O juiz distrital dos EUA, Timothy Kelly, proibiu os promotores de discutir a prisão anterior de Tarrio durante o julgamento dos Proud Boys, mas os jurados foram expostos a dezenas de mensagens revelando a retórica odiosa dos membros e apelos à violência em mensagens privadas e em plataformas de mídia social e em declarações públicas – e em um vídeo mostrando eles queimando a bandeira Black Lives Matter.
Nas semanas que antecederam 6 de janeiro, Tarrio reuniu um “Ministério da Autodefesa” com os seus co-réus e Jeremy Bertino, um antigo Proud Boy que se declarou culpado de conspiração sediciosa e serviu como testemunha chave do governo no julgamento. O testemunho de Bertino implicou Tarrio e os outros homens numa conspiração para o que ele disse ser “qualquer coisa que fosse necessária para salvar o país” – incluindo a invasão do Capitólio para bloquear a certificação de uma eleição americana.

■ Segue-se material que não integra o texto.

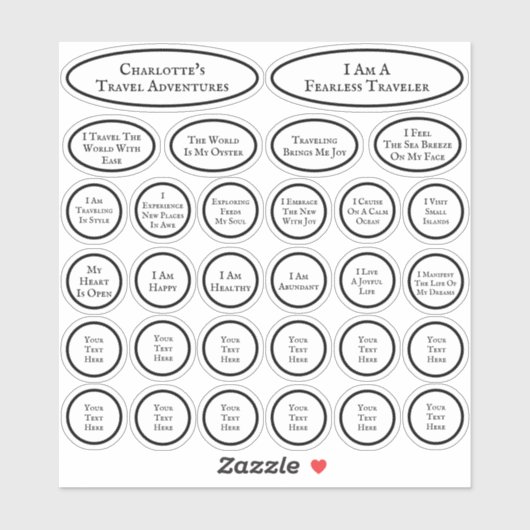 Reisbevestigingen Zwart-wit Sjabloon van 30 Sticker (Vel)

Dias antes do ataque, Tarrio trocou mensagens com outra pessoa que partilhava um plano chamado “Retornos de 1776” que incluía planos para ocupar “edifícios cruciais” com “o máximo de pessoas possível”, incluindo a Câmara e o Senado. Essa pessoa escreveu que “a revolução é [sic] importante do que qualquer coisa”, ao que Tarrio respondeu: “É nisso que consiste cada momento de vigília… Não estou brincando”.
Em 6 de janeiro, Tarrio disse aos seguidores nas redes sociais daquele dia para “fazerem o que deve ser feito” e, em um bate-papo em grupo com outros membros dos Proud Boys, “fazerem de novo”.
“Não se engane”, escreveu ele em outra mensagem. “Nós fizemos isso.”